Il y a de ces « petits » films magiques. Des longs métrages américains que l'on sous-estime - ou est-ce simplement s'en désintéresse trop rapidement? - qui nous transportent dans leur univers d'une manière particulière de sorte qu'on en demande davantage, jusqu'à entretenir de la déception lorsque défile le générique de fin. Promised Land n'est pas l'un des ces films visuellement incroyables qui nous obnubilent dès les prémisses, ni une oeuvre excitante qui nous maintient sur le bout de notre siège jusqu'à une conclusion renversante, mais c'est une histoire bien ficelée et d'actualité, des acteurs compétents ainsi qu'une réalisation qui nourrit efficacement un récit bien écrit et intelligent. Un long métrage qu'on peut aisément comparer à Good Will Hunting, pas uniquement pour ses artisans similaires (même réalisateur, même scénariste, Matt Damon), mais aussi pour la qualité de son récit dramatique, son rythme et ses valeurs analogues.

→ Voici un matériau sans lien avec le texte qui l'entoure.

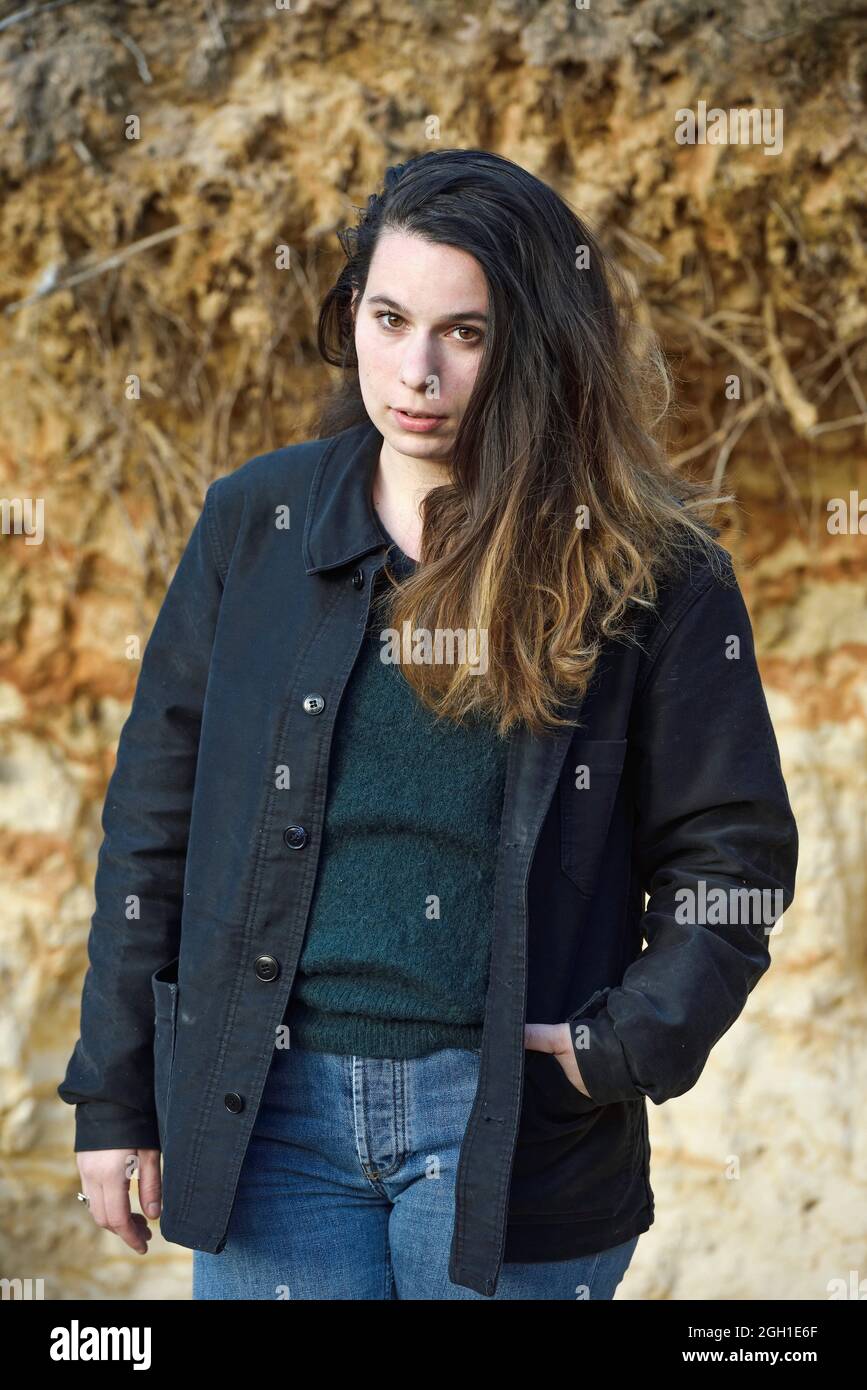 Portrait of a young woman, free hair, wearing a pull-over, a jacket and  jeans pants, France Stock Photo - Alamy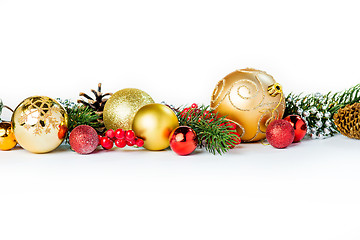 Image showing Gold Christmas balls on white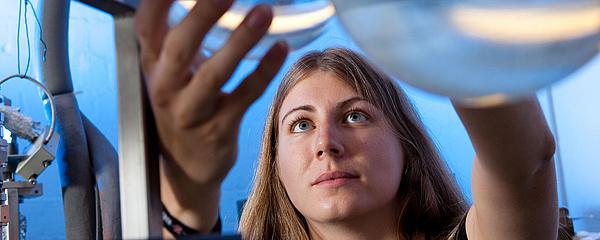 Eine Person hält einen Rundkolben aus Glas in der Hand.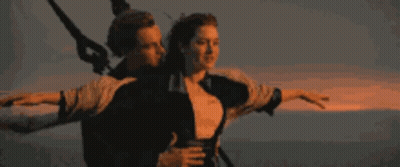 Man And Woman Flying Through Ocean Air GIF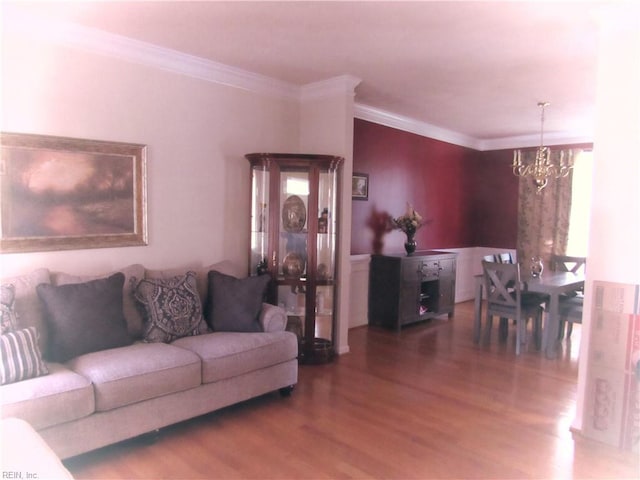 living room featuring hardwood / wood-style flooring, crown molding, and a notable chandelier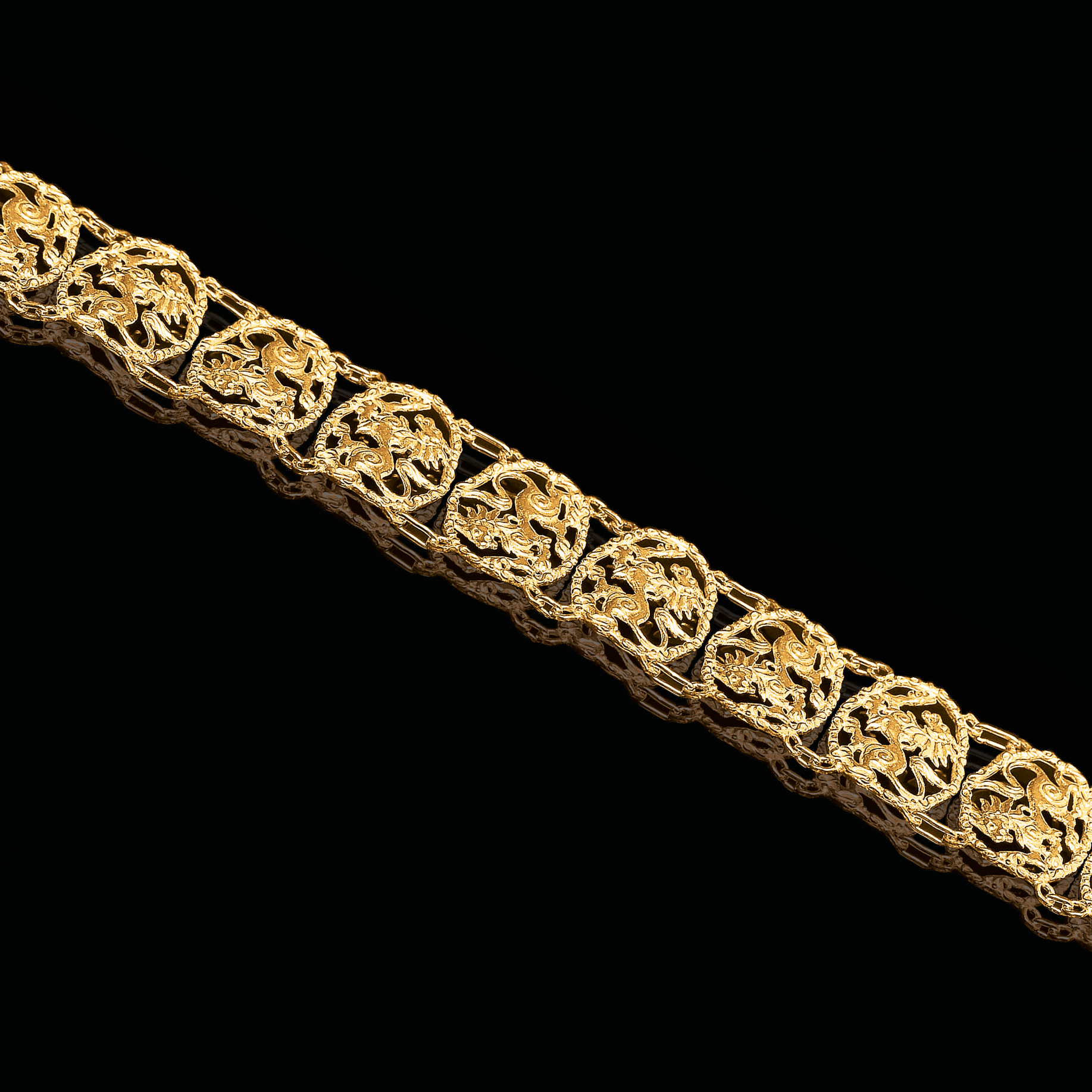 Gold bracelet with intricate design on a black background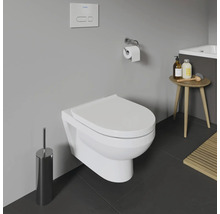 Hänge-WC im Badezimmer mit Toilettenbürste, Toilettenpapierhalter und kleinem Tisch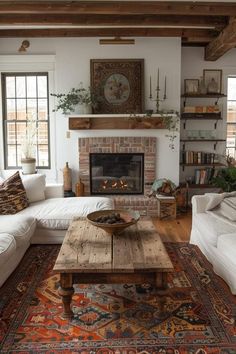 a living room filled with furniture and a fire place in the middle of a room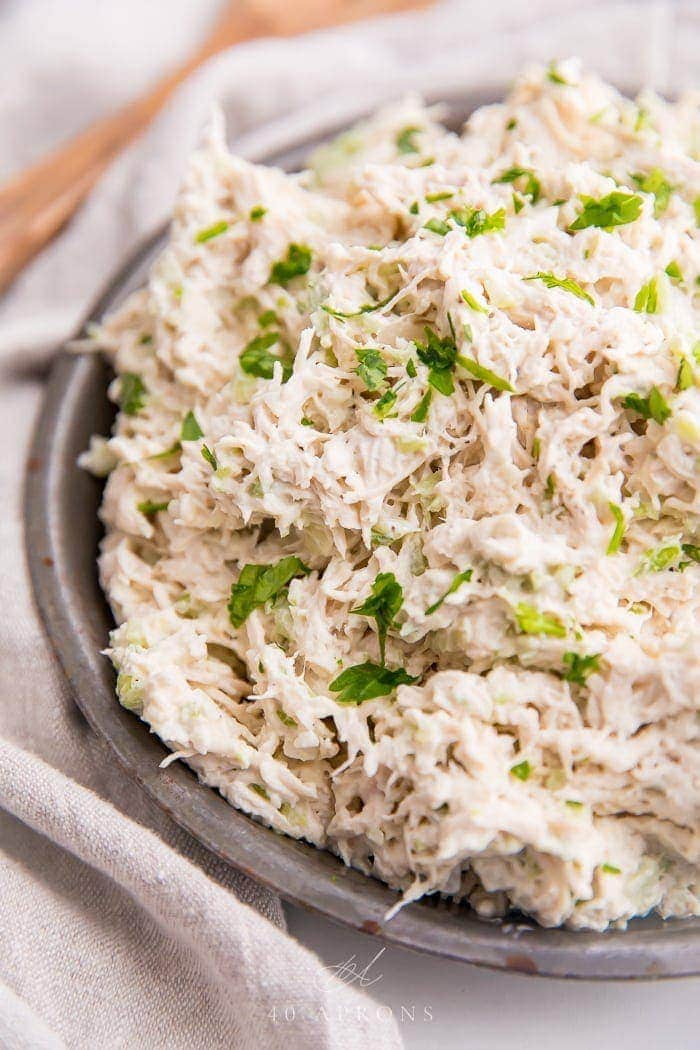 Shredded chicken salad on an antique metal bowl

Promised Land parle de l'exploitation des sols par des compagnies milliardaires qui ne craignent guère les répercussions à long terme de leur appareillage sur la flore, la faune et les hommes qui vivent au-dessus. Un sujet, évidemment, contemporain et assez inédit au cinéma. Il n'y a pas de véritables méchants dans Promised Land. Les gens qui travaillent pour les riches entreprises minières le font pour gagner leur pain et les fermiers pauvres qui hésitent à confier leur avenir à des industriels se battent pour leurs biens et leurs valeurs. Dans le monde du cinéma américain, en général, on en vient toujours à classer les personnages en deux catégories; les bons et les méchants, c'est donc toujours très réconfortant de voir un film qui semble réfléchir avant de poser un jugement.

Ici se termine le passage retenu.